I saw many incredible things in Thailand, both natural and man-made, but from the waterfalls to the sweeping views from the royal pagodas, Doi Inthanon was on another level.
I’m sure you could spend a week exploring all the national park has to offer, but since I didn’t have that much time (and was yet to pass my driving test even if I had the bottle to take on those crazy roads!), I took a tour. A guide nicknamed Banana and his driver picked me up from my hostel early in the morning. Our group was from a few corners of the world: the UK, USA and Singapore. It was about a 1.5 hour drive down a highway lined with lush greenery and rising hills to the first stop, the Wachirathan Falls. The majestic waterfall, nestled in tropical greenery, is about 80 metres high. Its name means ‘diamond creek.’

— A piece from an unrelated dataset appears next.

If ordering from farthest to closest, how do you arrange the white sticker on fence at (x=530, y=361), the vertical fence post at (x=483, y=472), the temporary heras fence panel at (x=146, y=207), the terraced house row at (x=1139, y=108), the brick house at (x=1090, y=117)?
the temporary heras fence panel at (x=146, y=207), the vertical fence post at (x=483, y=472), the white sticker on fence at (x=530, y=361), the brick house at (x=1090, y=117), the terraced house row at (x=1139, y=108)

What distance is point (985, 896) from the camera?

Another short drive took us to the Sirithan Waterfall, a 50 m tall cascade that feeds the Mae Ping River. It was previously called Pa Kha Waterfall, but got its new name when Queen Sirikit came to view it in 2002. The surrounding woods are home to all kinds of species of trees, herbs, vegetables and animals. I wish my mum had been there to see these – I can appreciate a nice waterfall, but she really loves them!

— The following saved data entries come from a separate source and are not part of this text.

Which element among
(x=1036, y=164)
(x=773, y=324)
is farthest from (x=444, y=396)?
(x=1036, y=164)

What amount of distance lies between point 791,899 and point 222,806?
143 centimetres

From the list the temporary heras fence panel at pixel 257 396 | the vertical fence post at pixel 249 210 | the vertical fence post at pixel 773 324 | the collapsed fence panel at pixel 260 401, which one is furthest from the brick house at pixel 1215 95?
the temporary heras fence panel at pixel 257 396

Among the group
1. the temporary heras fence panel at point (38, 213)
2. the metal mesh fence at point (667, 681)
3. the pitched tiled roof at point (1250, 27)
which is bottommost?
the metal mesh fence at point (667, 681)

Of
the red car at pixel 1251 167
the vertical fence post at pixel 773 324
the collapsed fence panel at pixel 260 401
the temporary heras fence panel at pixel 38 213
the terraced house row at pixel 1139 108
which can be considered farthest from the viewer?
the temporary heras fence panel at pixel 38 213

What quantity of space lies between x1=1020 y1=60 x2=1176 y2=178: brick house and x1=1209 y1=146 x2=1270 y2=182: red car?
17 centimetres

We ate lunch at a cafeteria in the park. I had a spicy mushroom curry that was pretty good. The food at parks in England isn’t that nice! The next stop was Sobhad Village, which is known for its coffee. I never drink coffee, so I’m definitely not the person to ask about quality, but I tried some to see if my mum would like it so I could bring some home. It seemed like nice coffee.

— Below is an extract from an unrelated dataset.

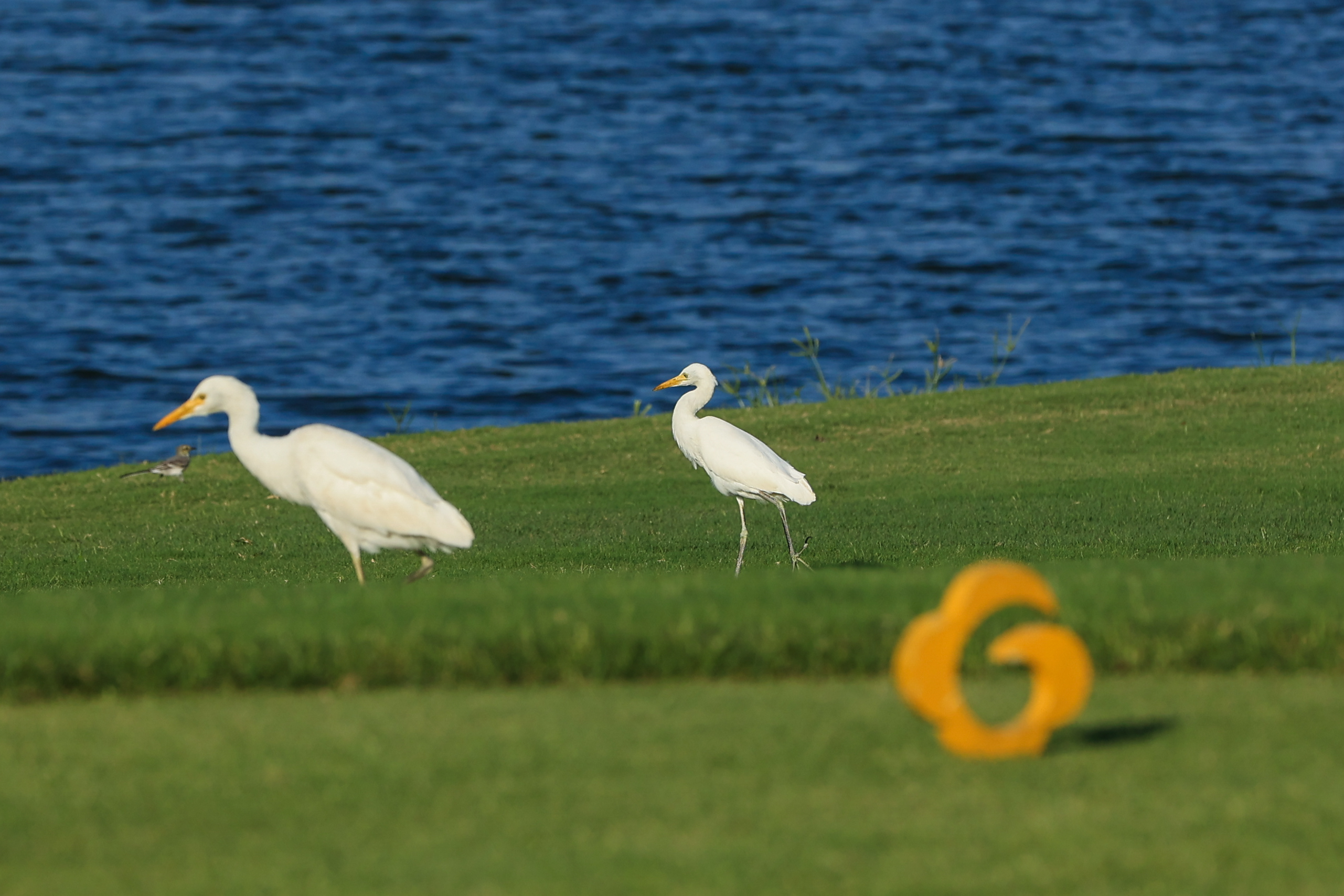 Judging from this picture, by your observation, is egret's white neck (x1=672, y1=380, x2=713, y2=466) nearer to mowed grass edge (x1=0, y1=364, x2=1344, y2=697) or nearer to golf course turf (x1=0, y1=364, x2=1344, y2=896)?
mowed grass edge (x1=0, y1=364, x2=1344, y2=697)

Once everyone finished chatting over their coffee, we drove on to the highest point in Thailand, 2.6 m above sea level. The temperature dropped from the high thirties to about 17 ºC. The travellers from Singapore were cold, but although I wasn’t melting anymore, I still thought it was too hot… I’d be quite at home in Antarctica. It was cool to stand there! I really felt like I’d explored the north as much as possible in the five days I had.

Like many of the attractions in the park, the spot is surrounded by lush forests. There must be countless trails to explore, but we just walked along one, crossing over a rushing river while Banana told us some fun facts, from Bangkok’s very long full name to how to tell someone they’re attractive in Thai. I’m glad I took the tours not only because it saved time and stress, but because if I’m totally honest, I didn’t always enjoy travelling alone. I felt very lonely at points. Getting to know other travellers was fun and reassuring, as was travelling with the guides who seemed more like very well-educated fellow travellers than tour guides just doing a job. Banana had been carving durians with his family while tourism died during the pandemic and asked us all to share our photos to encourage others to go to Thailand, so I hope my photos and stories are doing that!



There are souvenir shops up there, in case anyone wonders. My fellow travellers found my souvenir-buying very amusing, but there were cute keyrings! And a Chiang Mai t-shirt! …Which I probably won’t wear often, but it makes me smile when I see it in my wardrobe. At least I resisted the plushies.
The final attraction was the Twin Pagodas. Also known as the Royal Pagodas and King & Queen Pagodas, they were built here on the ‘roof of Thailand,’ where they meet the clouds, to commemorate the 60th birthdays of the king and queen. The pagodas aren’t the only attractions here – there are the beautiful gardens, a small waterfall and most breathtakingly, in my opinion, the sweeping views of the surrounding mountains. Ambling around the gardens in the cool(ish) air, admiring the views, was my favourite experience in Thailand.











Before returning to Chiang Mai, we stopped at a small market, where I was apparently ripped off for dried strawberries. My Moroccan ancestors would be ashamed of my (lack of) bargaining ability. The strawberries were nice, though.




On the way back to Chiang Mai, I managed to catch a photo of the moon over a temple roof. Whilst I’m sure there’s so much more and I’d love to go back, I really was satisfied that I’d experienced as much of Thailand’s beauty as I could then.